Baytex has consistently employed a comprehensive risk management program to protect its cash flow for distribution and capital investment purposes. We have recently added positions in WTI financial derivative contracts, physical sales contracts for natural gas, and U.S. dollar foreign exchange contracts for 2008. Terms of these contracts are summarized in Notes 14 and 15 of the third quarter financial statements. We will continue to monitor market developments and may increase our hedge positions as conditions warrant.

Alberta Royalty Review

On October 25, 2007, the Government of Alberta announced changes to the provincial royalty regime. The new regime is effective beginning in 2009, and will increase the province's royalty takes by an estimated 15-20% based on current commodity prices. All product types - conventional oil, natural gas and oil sands - will be subject to higher royalty rates. While we believe that the existing royalty framework requires necessary amendments to reflect the new paradigm of commodity prices, we also believe the announced changes fail to properly recognize the current cost environment for oil and gas exploration and development in Alberta. Furthermore, the new regime represents poor public policy as no consideration is given to the massive capital investments that have been committed to date by the industry, such as our $238 million acquisition completed in June of this year, which are predicated on the economics under the current royalty structure.

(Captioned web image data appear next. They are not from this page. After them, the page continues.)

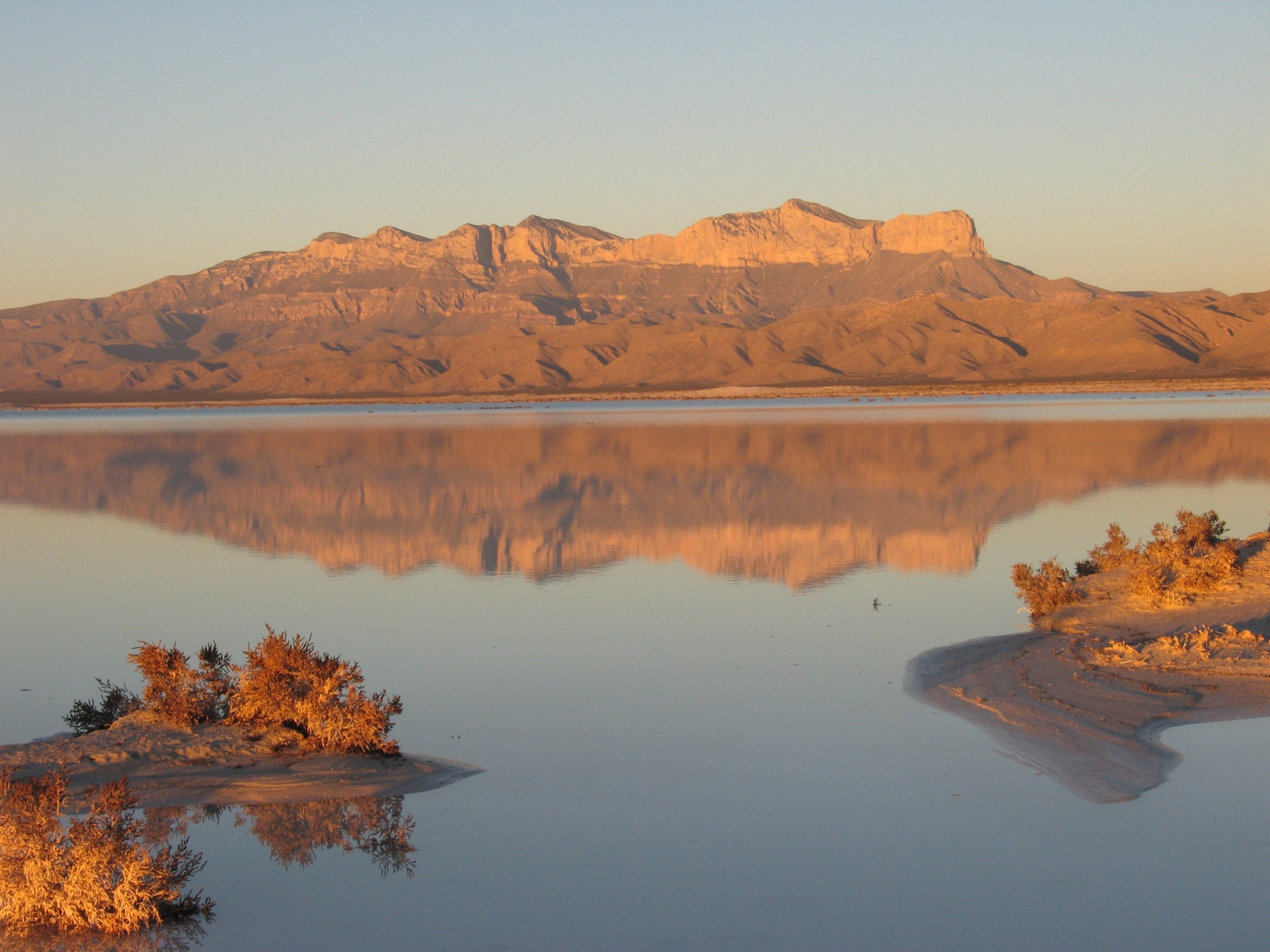 Free download high resolution image - free image free photo free stock image public domain picture -Guadalupe Mountain vista across the salt lake.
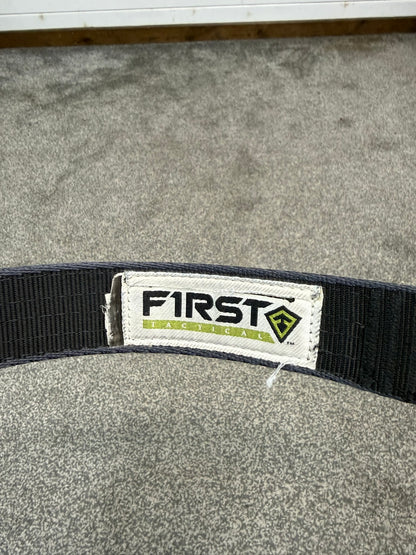 First Tactical 1.5" Durable Heavy Duty Belt Medium 32"-34" Nylon Webbing Belt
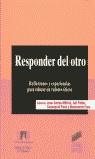 RESPONDER DEL OTRO | 9788477388173 | MELICH, JOAN-CARLES (ED.)
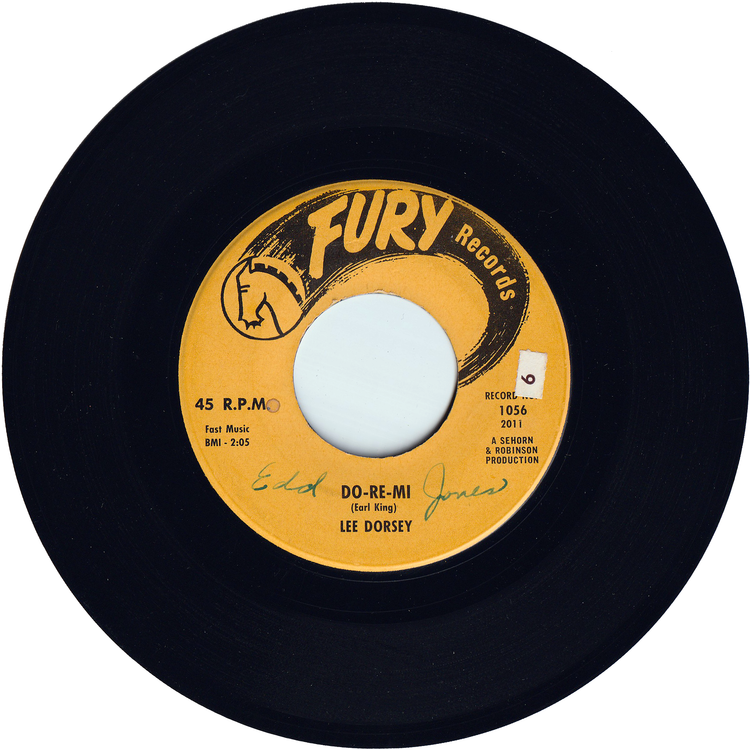 Lee Dorsey - Do-Re-Mi / People Gonna' Talk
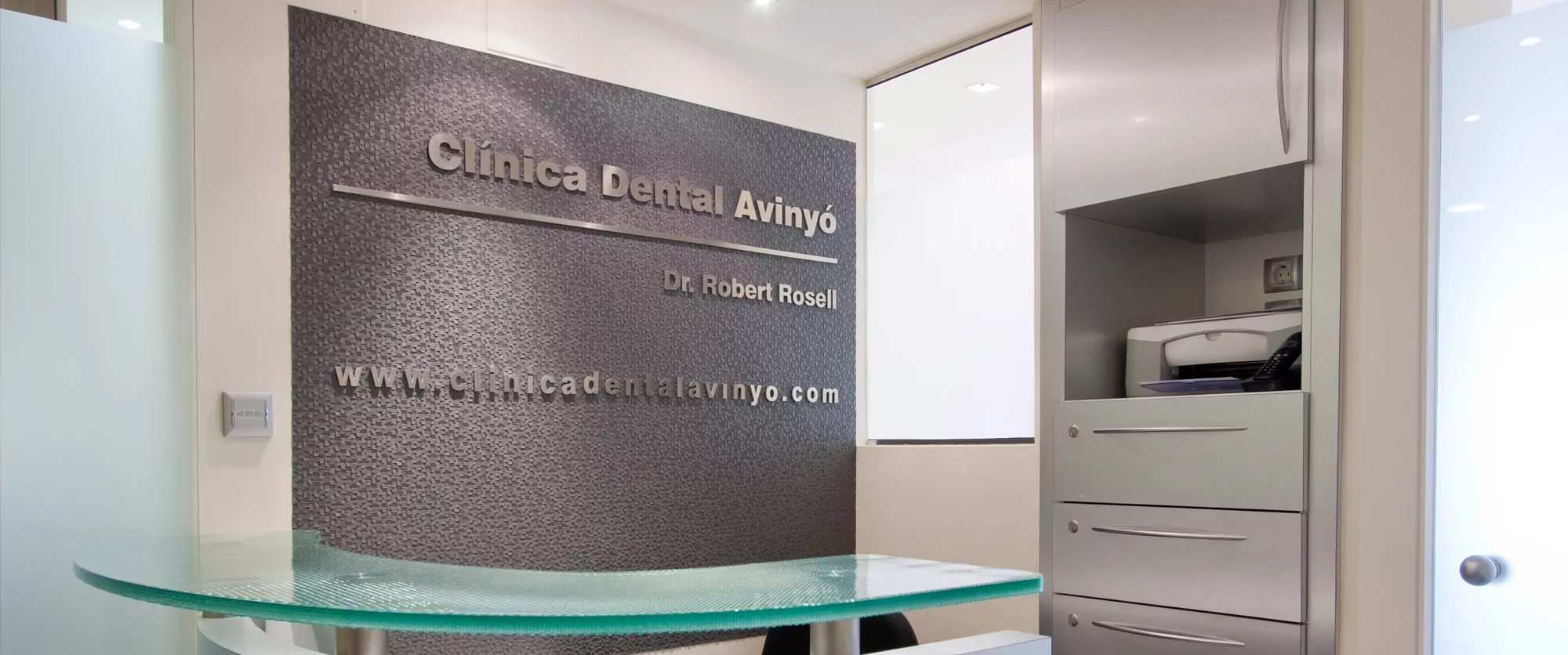 Consulta de la Clínica dental Avinyó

Production in Alberta accounts for approximately 40% of the current total production of Baytex. Based on current commodity prices and information available from the government, we estimate that the new royalty regime could reduce our corporate cash flow by approximately 5% in 2009. The two areas which are most affected by the royalty changes are the projects at Pembina and Seal. At Pembina, the majority of our production is from deep wells at high flow rates. Much of the oil production from this area could be subject to the new maximum royalty rate of 50%. Given that the royalty announcement indicates that the government will revamp the Deep Gas Drilling Program to account for the associated high drilling costs, we are working with other operators in the area to encourage the government to broaden their considerations to include deep oil drilling as both are instrumental to the viability of oil and gas development in Alberta. At Seal, our oil sands leases will be subject to modestly higher before and after payout royalty rates beginning in 2009. Nonetheless, rates of return on our Seal development program remain high under the new royalty rates, and we do not envision significant effects on development plans, cash flow or reserves value as a result of the oil sands royalty changes.

The new royalty rates in Alberta will undoubtedly influence our decisions in allocating 2008 and future capital spending. Baytex is fortunate to have a geographically diversified portfolio of investment opportunities and we are committed to generating the highest returns for our investments for the benefits of our stakeholders.

Management's Discussion and Analysis

Management's discussion and analysis ("MD&A"), dated November 6, 2007, should be read in conjunction with the unaudited interim consolidated financial statements for the three months and nine months ended September 30, 2007 and the audited consolidated financial statements and MD&A for the year ended December 31, 2006. Barrel of oil equivalent ("boe") amounts have been calculated using a conversion rate of six thousand cubic feet of natural gas to one barrel of oil, which represents an energy equivalent conversion method primarily applicable at the burner tip and does not represent a value equivalency at the wellhead. Boe's may be misleading, particularly if used in isolation.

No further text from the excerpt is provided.